(WHAT IS EXPECTED): If an entry holds a picture, leave the picture out and output everything else exactly.

(DATA LISTING):
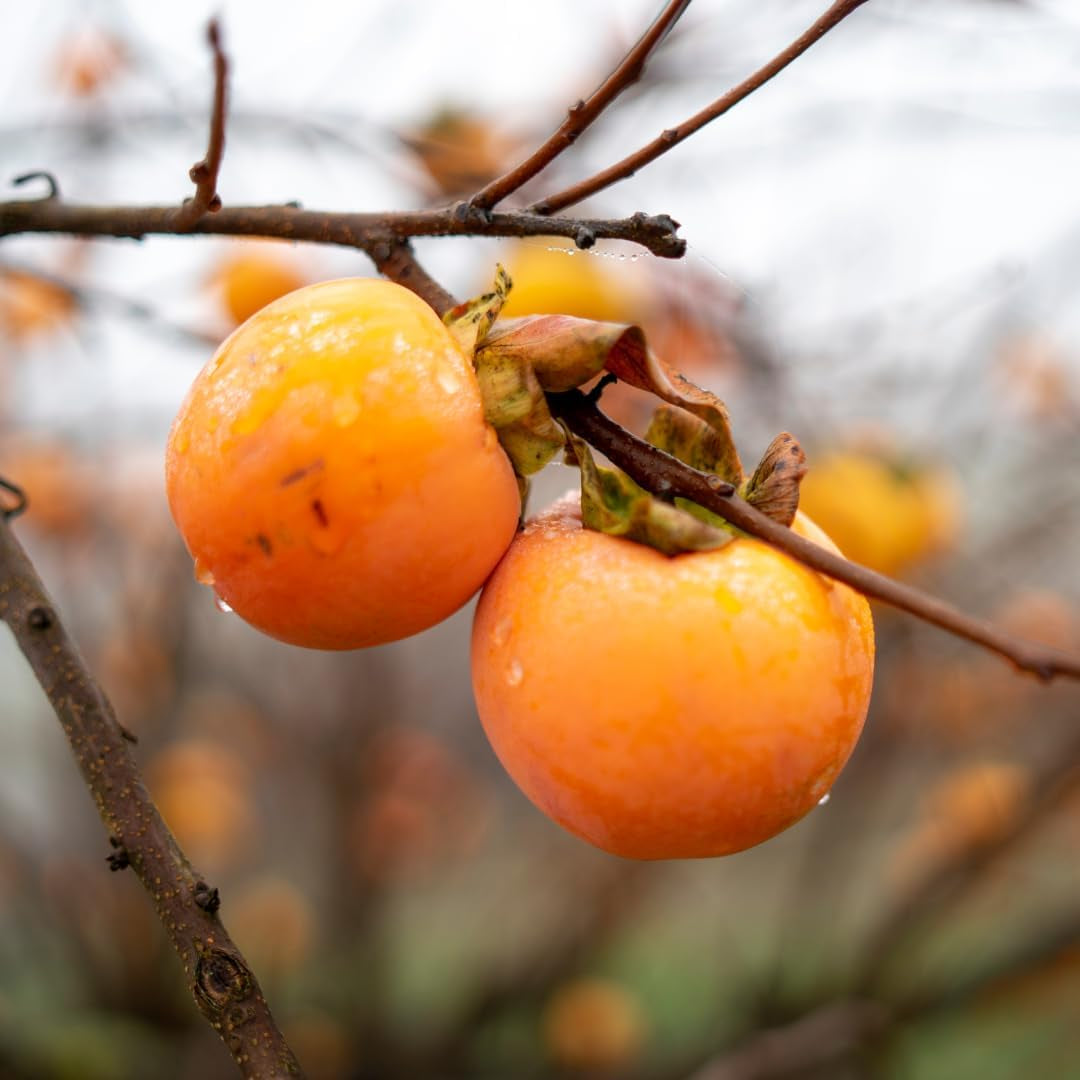 Kakibaum — O'Gosho — Obstpflanze Alte Sorte Im Topf Ø 24~26 Cm — Max. Höhe 160 Cm — 4 Jahre Alt — Italienische Baumschule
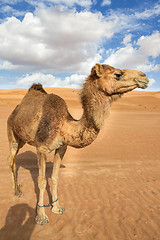 Image showing Camel in Wahiba Oman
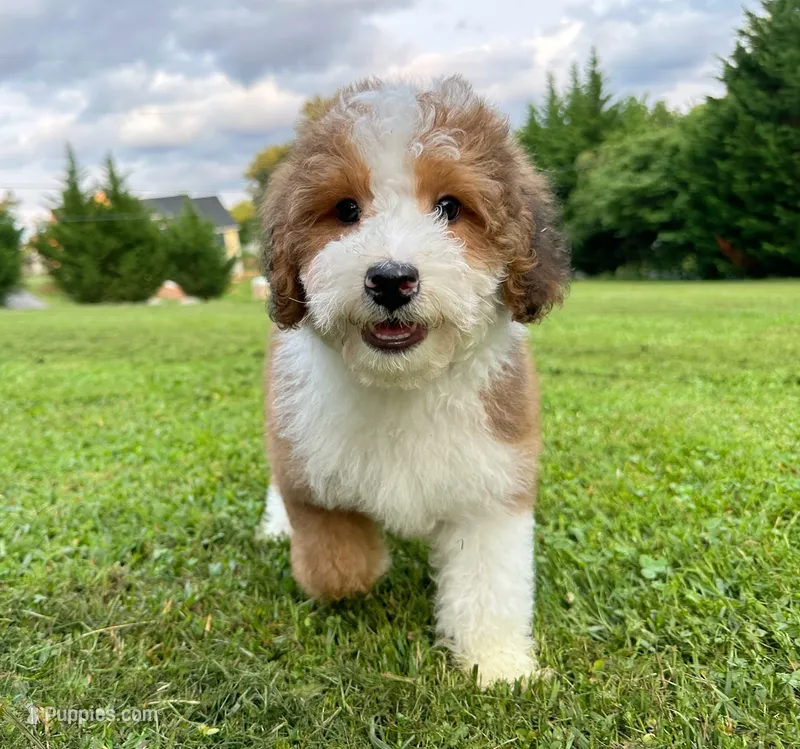 Scout-Petite/MiniOrthopedic&GeneticParents – Golden Mountain Doodle puppy for sale in Candler, NC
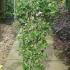 Ceanothus Yankee Point 80-100 cm buy online UK.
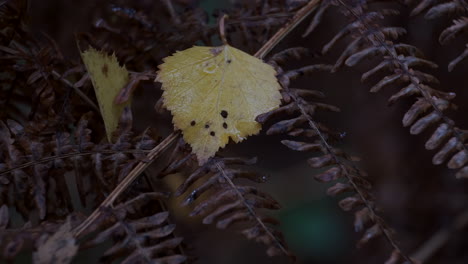 a delicate yellow birch tree leaf resting on autumn coloured bracken swaying in the breeze in woodland in the uk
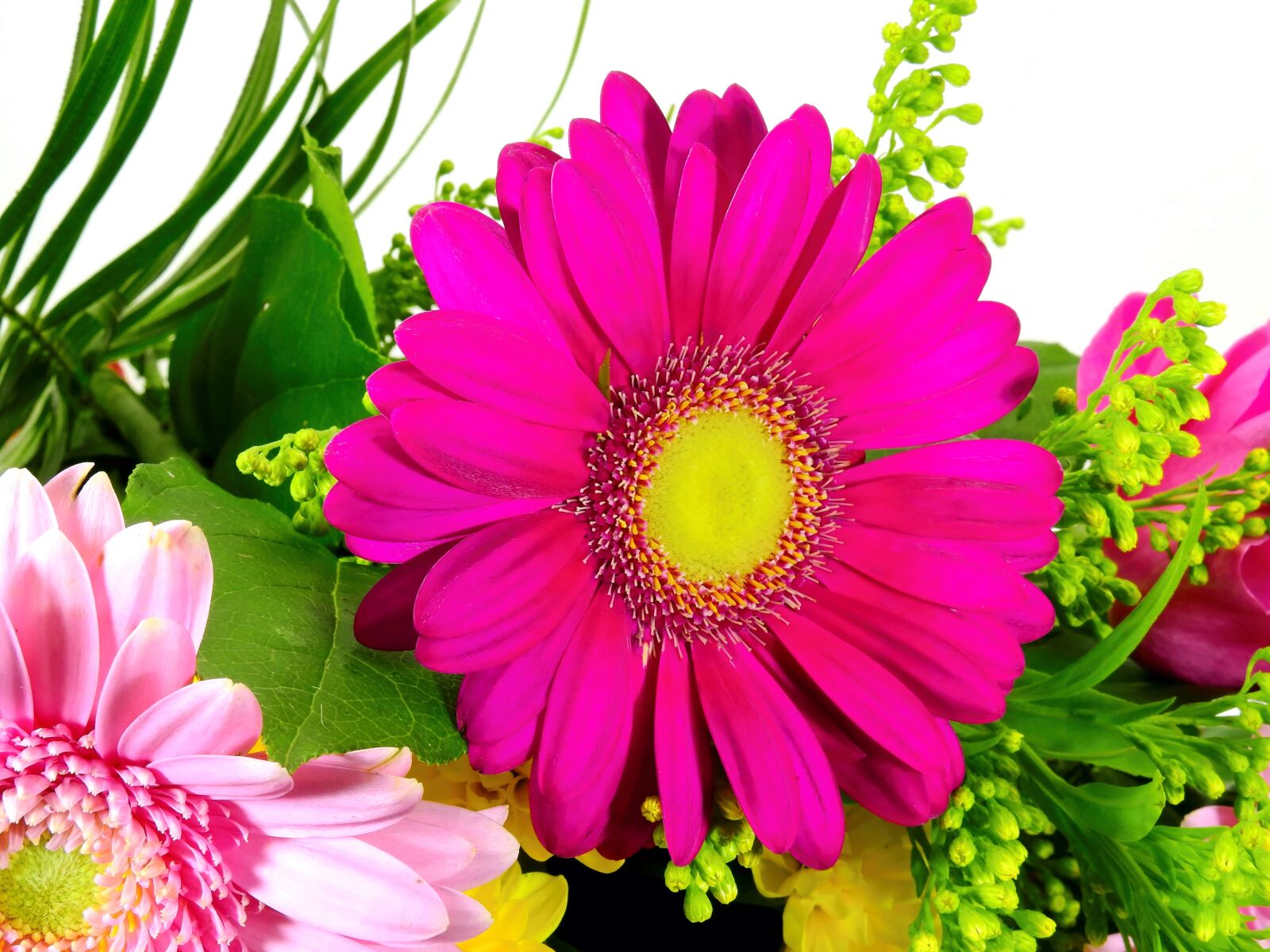 Nikon Coolpix P900 sample photo. Bouquet of flowers, bouquet photography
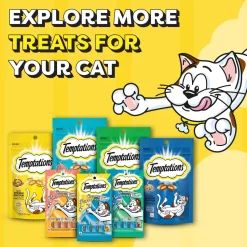 Temptations Crunchy Cat Treat Tasty Chicken Flavour - 85 g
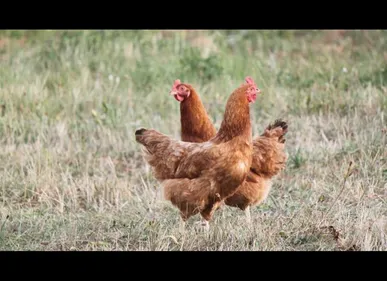 Grippe aviaire : plus de 200 poules abattues dans une exploitation...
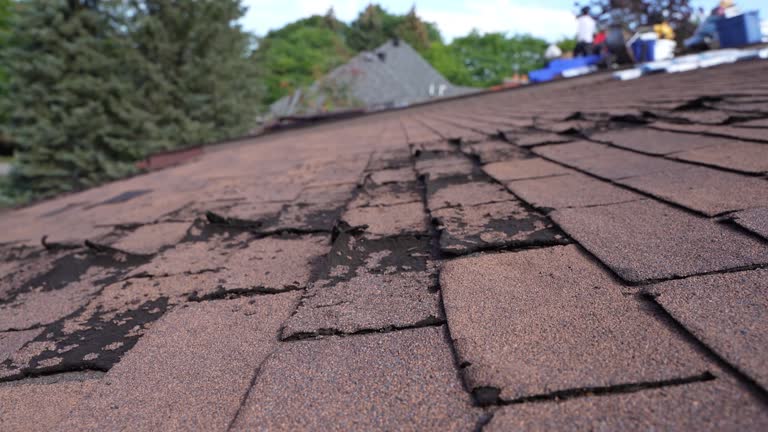 Best Roofing for New Construction  in Draper, UT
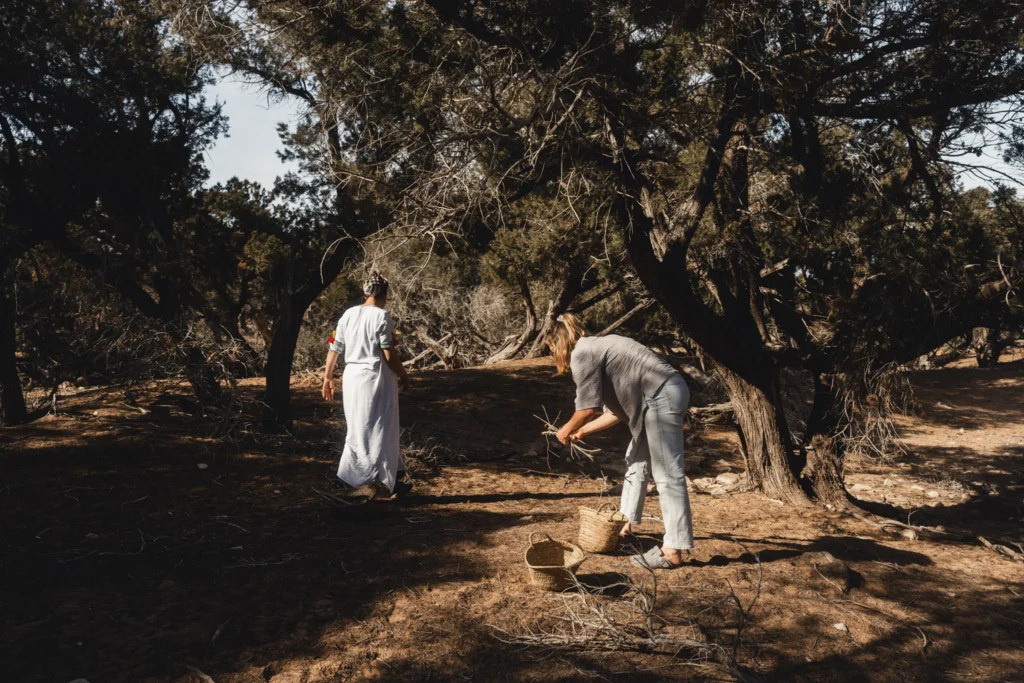 Vivez des expériences authentiques à Essaouira avec Hafida & Family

(RESPONSE AREA):
 Kakibaum — O'Gosho — Obstpflanze Alte Sorte Im Topf Ø 24~26 Cm — Max. Höhe 160 Cm — 4 Jahre Alt — Italienische Baumschule
 Image showing Camel in Wahiba Oman
 Scout-Petite/MiniOrthopedic&GeneticParents – Golden Mountain Doodle puppy for sale in Candler, NC
 Ceanothus Yankee Point 80-100 cm buy online UK.
 a delicate yellow birch tree leaf resting on autumn coloured bracken swaying in the breeze in woodland in the uk
 Nikon Coolpix P900 sample photo. Bouquet of flowers, bouquet photography
 Temptations Crunchy Cat Treat Tasty Chicken Flavour - 85 g
 Grippe aviaire : plus de 200 poules abattues dans une exploitation...
 Best Roofing for New Construction  in Draper, UT
 Vivez des expériences authentiques à Essaouira avec Hafida & Family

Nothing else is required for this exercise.